**DIRECTIONS FOR THIS TASK:** Begin at the line containing "屹朴堂青花釉里红缠枝松竹梅套组,外繁内雅铺陈完整茶席(图1) 屹朴堂青花釉里红缠枝松竹梅套组,外繁内雅铺陈完整茶席(图1)" in the records below, end at the line containing "Bán tòa nhà", and retype each line in that span exactly. No other line and no image should appear.

**INPUT:**
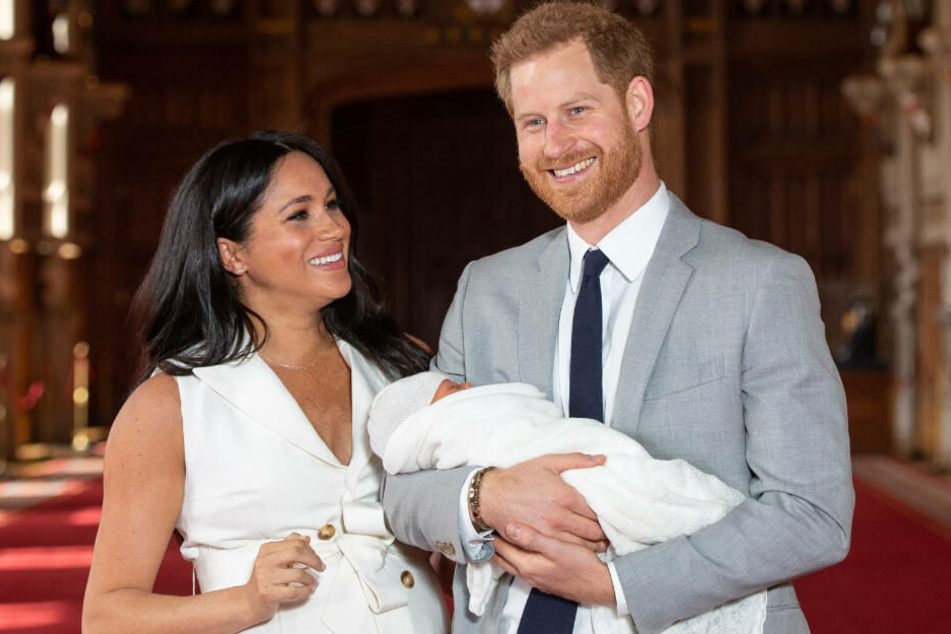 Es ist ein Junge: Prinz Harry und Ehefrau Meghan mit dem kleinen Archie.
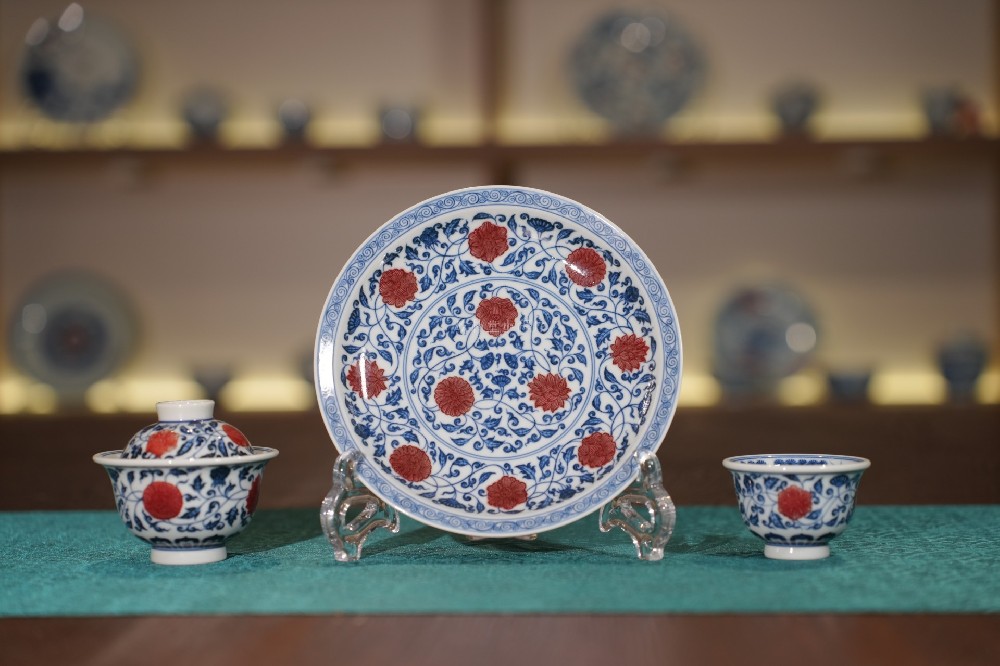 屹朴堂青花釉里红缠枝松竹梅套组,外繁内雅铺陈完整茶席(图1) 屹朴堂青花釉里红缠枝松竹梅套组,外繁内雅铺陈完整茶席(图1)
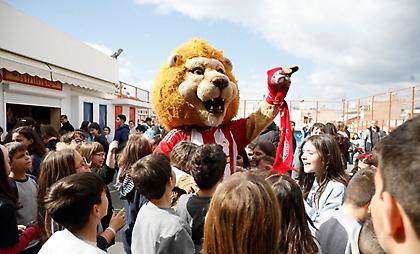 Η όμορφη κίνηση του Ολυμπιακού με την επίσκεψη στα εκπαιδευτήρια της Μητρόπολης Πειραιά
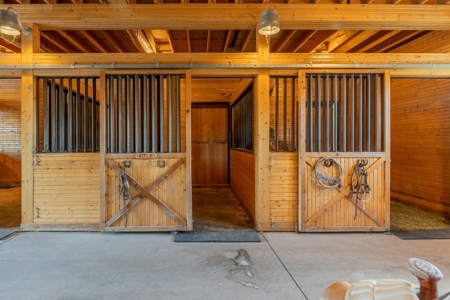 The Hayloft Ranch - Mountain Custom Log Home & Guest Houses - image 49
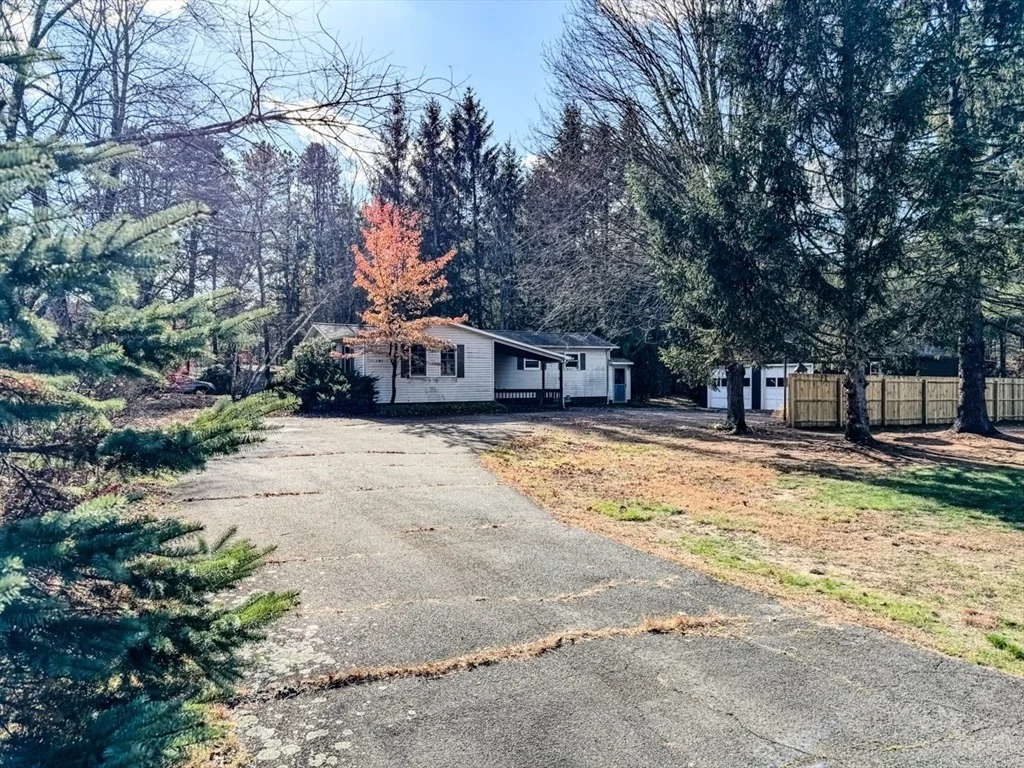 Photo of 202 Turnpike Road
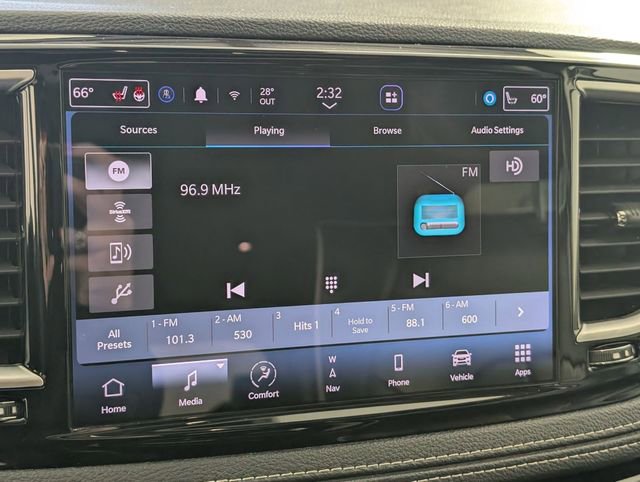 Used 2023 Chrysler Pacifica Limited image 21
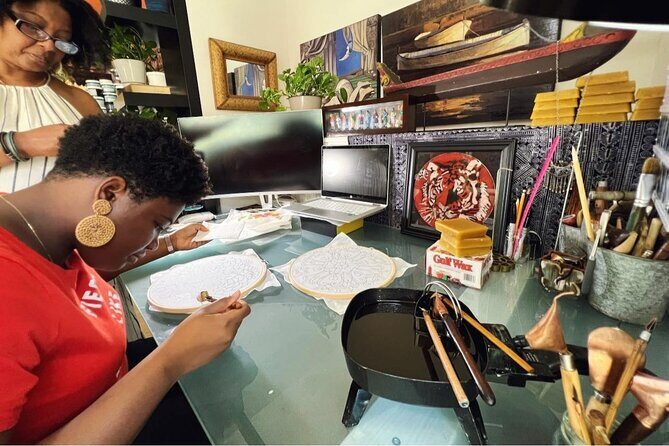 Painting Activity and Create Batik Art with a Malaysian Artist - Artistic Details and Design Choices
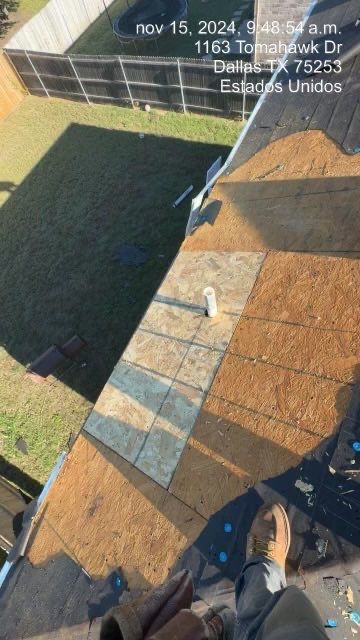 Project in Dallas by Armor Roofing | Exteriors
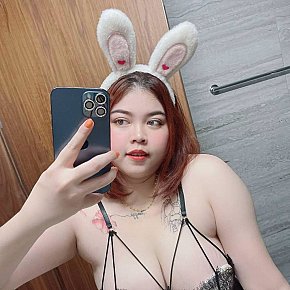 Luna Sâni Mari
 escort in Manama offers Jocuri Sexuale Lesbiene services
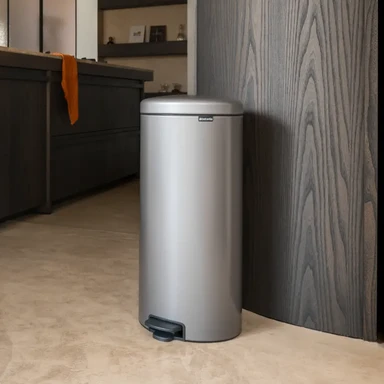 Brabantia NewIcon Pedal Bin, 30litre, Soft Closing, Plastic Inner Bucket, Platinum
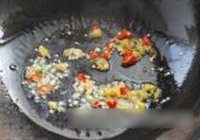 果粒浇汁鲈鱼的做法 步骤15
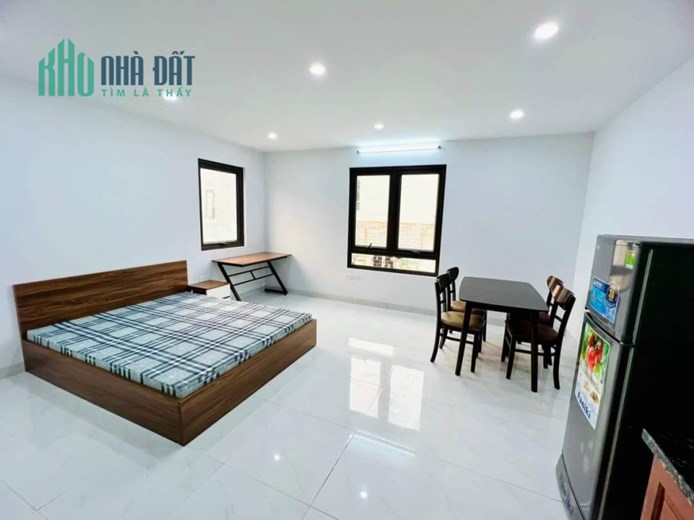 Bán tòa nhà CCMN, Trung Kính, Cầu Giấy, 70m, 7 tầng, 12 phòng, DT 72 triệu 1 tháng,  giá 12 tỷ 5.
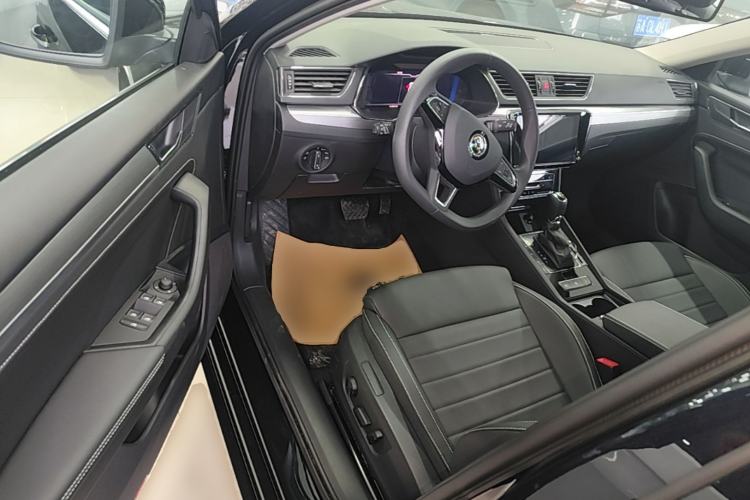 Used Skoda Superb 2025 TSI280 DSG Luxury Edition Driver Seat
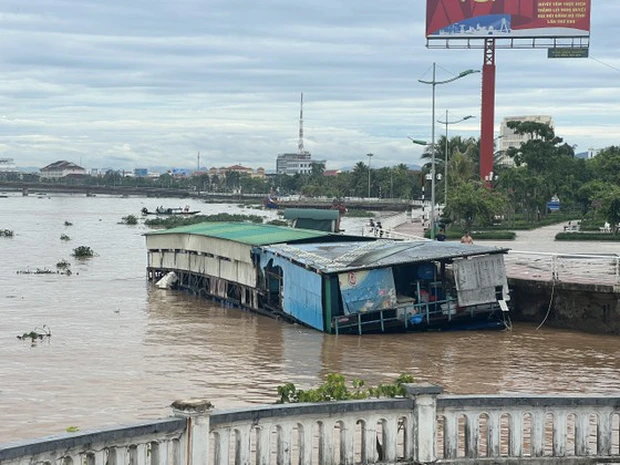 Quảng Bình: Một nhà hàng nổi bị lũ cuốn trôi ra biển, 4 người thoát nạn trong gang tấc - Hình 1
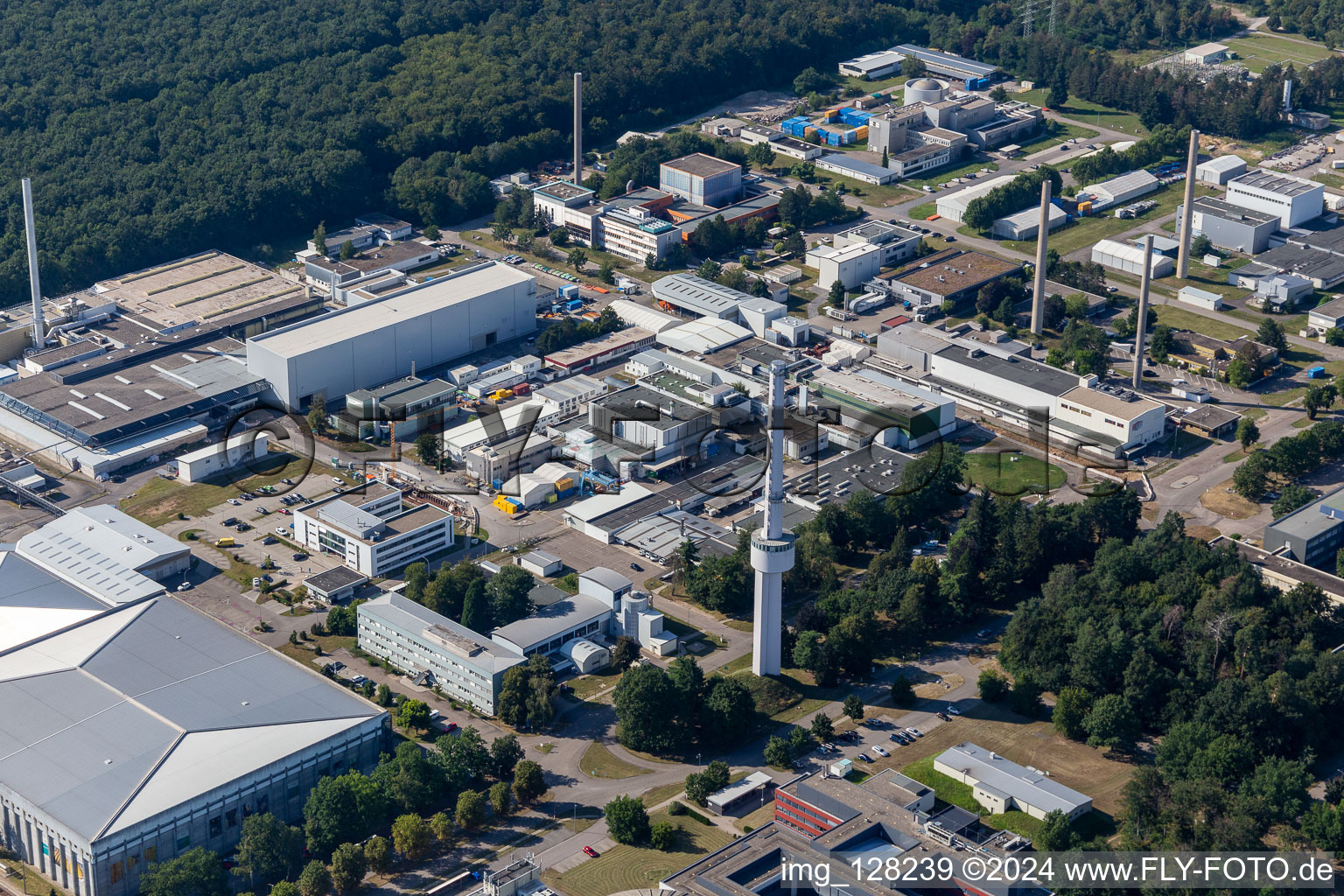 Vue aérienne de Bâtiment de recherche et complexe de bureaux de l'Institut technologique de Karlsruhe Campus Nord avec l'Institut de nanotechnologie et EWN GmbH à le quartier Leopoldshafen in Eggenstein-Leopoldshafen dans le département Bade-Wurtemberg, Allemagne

**RESULT OF THIS TASK:**
 屹朴堂青花釉里红缠枝松竹梅套组,外繁内雅铺陈完整茶席(图1) 屹朴堂青花釉里红缠枝松竹梅套组,外繁内雅铺陈完整茶席(图1)
 Η όμορφη κίνηση του Ολυμπιακού με την επίσκεψη στα εκπαιδευτήρια της Μητρόπολης Πειραιά
 The Hayloft Ranch - Mountain Custom Log Home & Guest Houses - image 49
 Photo of 202 Turnpike Road
 Used 2023 Chrysler Pacifica Limited image 21
 Painting Activity and Create Batik Art with a Malaysian Artist - Artistic Details and Design Choices
 Project in Dallas by Armor Roofing | Exteriors
 Luna Sâni Mari
 escort in Manama offers Jocuri Sexuale Lesbiene services
 Brabantia NewIcon Pedal Bin, 30litre, Soft Closing, Plastic Inner Bucket, Platinum
 果粒浇汁鲈鱼的做法 步骤15
 Bán tòa nhà CCMN, Trung Kính, Cầu Giấy, 70m, 7 tầng, 12 phòng, DT 72 triệu 1 tháng,  giá 12 tỷ 5.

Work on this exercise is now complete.